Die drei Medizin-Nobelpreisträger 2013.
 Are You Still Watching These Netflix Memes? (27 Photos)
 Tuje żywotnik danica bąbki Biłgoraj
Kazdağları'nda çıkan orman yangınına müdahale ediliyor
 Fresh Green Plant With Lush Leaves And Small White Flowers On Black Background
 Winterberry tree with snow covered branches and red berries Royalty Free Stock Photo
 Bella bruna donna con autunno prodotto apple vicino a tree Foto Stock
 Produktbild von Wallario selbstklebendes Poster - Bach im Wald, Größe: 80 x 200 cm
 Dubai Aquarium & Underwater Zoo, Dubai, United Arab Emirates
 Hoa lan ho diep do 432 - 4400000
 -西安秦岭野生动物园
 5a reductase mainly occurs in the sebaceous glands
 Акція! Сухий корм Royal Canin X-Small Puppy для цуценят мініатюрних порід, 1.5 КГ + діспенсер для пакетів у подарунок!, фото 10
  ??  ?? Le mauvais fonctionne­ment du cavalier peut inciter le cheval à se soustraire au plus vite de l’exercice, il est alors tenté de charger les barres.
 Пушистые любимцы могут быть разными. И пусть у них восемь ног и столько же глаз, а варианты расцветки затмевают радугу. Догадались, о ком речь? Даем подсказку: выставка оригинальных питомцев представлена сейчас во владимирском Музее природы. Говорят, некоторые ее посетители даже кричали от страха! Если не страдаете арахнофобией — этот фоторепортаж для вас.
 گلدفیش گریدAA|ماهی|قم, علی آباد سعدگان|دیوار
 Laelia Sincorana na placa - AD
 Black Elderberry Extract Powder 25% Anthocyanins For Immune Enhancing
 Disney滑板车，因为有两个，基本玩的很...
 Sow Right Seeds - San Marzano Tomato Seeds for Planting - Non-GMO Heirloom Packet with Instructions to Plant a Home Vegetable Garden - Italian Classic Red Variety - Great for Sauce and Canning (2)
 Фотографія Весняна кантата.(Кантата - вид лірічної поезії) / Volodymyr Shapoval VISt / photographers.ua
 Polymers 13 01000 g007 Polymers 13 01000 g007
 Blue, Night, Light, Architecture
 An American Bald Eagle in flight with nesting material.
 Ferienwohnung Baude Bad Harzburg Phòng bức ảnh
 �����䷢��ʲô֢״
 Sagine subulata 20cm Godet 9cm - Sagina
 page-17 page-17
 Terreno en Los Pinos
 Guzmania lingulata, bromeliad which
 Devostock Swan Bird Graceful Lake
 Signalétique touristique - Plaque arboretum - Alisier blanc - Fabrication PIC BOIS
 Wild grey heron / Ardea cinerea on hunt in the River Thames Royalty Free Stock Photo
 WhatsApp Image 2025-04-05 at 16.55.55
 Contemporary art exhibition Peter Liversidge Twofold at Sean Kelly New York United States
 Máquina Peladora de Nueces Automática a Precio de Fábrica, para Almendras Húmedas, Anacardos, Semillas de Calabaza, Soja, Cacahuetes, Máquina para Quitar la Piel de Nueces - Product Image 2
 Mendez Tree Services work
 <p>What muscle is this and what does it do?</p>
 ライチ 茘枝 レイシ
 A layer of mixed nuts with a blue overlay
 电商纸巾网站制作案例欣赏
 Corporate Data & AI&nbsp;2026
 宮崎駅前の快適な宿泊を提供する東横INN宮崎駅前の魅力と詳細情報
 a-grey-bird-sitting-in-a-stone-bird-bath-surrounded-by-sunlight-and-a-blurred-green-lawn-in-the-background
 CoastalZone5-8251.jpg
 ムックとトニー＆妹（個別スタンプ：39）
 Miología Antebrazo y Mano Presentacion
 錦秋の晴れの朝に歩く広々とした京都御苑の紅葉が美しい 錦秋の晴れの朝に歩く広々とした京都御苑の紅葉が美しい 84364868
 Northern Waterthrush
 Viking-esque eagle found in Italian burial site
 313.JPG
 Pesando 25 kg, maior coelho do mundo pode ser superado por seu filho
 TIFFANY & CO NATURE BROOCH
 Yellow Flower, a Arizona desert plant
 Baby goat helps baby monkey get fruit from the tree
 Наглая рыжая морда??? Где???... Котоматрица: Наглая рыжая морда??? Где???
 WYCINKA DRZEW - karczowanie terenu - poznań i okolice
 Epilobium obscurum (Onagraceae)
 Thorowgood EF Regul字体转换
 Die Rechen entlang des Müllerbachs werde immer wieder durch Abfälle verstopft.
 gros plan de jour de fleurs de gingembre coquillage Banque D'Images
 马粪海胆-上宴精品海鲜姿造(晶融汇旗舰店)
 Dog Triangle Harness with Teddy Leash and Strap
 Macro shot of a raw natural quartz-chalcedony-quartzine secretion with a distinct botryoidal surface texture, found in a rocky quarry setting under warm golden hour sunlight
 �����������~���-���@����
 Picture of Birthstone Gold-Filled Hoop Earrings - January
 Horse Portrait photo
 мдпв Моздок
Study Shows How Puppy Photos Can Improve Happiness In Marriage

--------

## WHAT IS EXPECTED:
Your answer must consist solely of the lines above between the line holding "Guzmania lingulata, bromeliad which" and the line holding "錦秋の晴れの朝に歩く広々とした京都御苑の紅葉が美しい 錦秋の晴れの朝に歩く広々とした京都御苑の紅葉が美しい 84364868", inclusive, copied exactly.

## EXERCISE ANSWER:
 Guzmania lingulata, bromeliad which
 Devostock Swan Bird Graceful Lake
 Signalétique touristique - Plaque arboretum - Alisier blanc - Fabrication PIC BOIS
 Wild grey heron / Ardea cinerea on hunt in the River Thames Royalty Free Stock Photo
 WhatsApp Image 2025-04-05 at 16.55.55
 Contemporary art exhibition Peter Liversidge Twofold at Sean Kelly New York United States
 Máquina Peladora de Nueces Automática a Precio de Fábrica, para Almendras Húmedas, Anacardos, Semillas de Calabaza, Soja, Cacahuetes, Máquina para Quitar la Piel de Nueces - Product Image 2
 Mendez Tree Services work
 <p>What muscle is this and what does it do?</p>
 ライチ 茘枝 レイシ
 A layer of mixed nuts with a blue overlay
 电商纸巾网站制作案例欣赏
 Corporate Data & AI&nbsp;2026
 宮崎駅前の快適な宿泊を提供する東横INN宮崎駅前の魅力と詳細情報
 a-grey-bird-sitting-in-a-stone-bird-bath-surrounded-by-sunlight-and-a-blurred-green-lawn-in-the-background
 CoastalZone5-8251.jpg
 ムックとトニー＆妹（個別スタンプ：39）
 Miología Antebrazo y Mano Presentacion
 錦秋の晴れの朝に歩く広々とした京都御苑の紅葉が美しい 錦秋の晴れの朝に歩く広々とした京都御苑の紅葉が美しい 84364868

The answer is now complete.